According to Rosstat, industrial production growth kept slowing in April and reached 1.3% YoY, the lowest level since a decrease in October 2009, after the 4% YoY increase in 1Q12. This is significantly below the consensus forecasts of 3.2% (Bloomberg) and 2.5% YoY (Interfax), as well as our expectations of 2.8% YoY. Seasonally adjusted industrial production increased 0.1% MoM.
The detailed breakdown reveals that the growth in manufacturing increased to 3.6% YoY in April, from 2.4% YoY in March. Mining added 3.6% YoY, compared with the 2.4% YoY increase in March. However, the growth in utilities (electricity, water and gas distribution) was negative, recording a light drop of 0.6% YoY (vs. the 2.6% YoY increase in 1Q12).
The data suggests that economic growth decelerated last month, contrary to the PMI Manufacturing numbers, which reflected stronger gains in output and new orders in April. The poor industrial production performance last month supports our expectation of a decline in fixed capital investment in April (-2.5% YoY). To remind, weak investment could be the key drag on GDP growth in 2012, in our view. Hence, the recent data is supportive for our end-year forecast of real economy growth at 3.5% YoY in 2012.
Besides, the renewed slowdown in industrial output growth underpins our view about the urgency of supply-side reforms in Russia.

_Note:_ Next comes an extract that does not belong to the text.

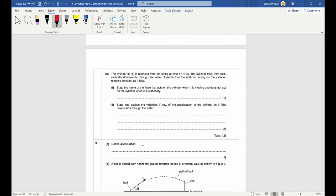Part c: the cylinder is released from the string at t = 4 seconds and falls from rest vertically downwards through the water. The upthrust remains constant as it falls. State the name of the force that acts on the cylinder when moving but not when stationary. That force is the viscous force, or viscous drag.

In terms of the CBR’s interest rate decision, we see the regulator keeping policy rates on hold in 1H12. Although last time the monetary authorities ignored the weaker production in March and focused on the strong 1Q performance, we expect that at the next CBR meeting, scheduled for the first half of June, the regulator might be concerned about weaker IP. However, the uncertainty over about the possible effect on inflation from the regulated tariffs hike in July might prevent the CBR from any changes.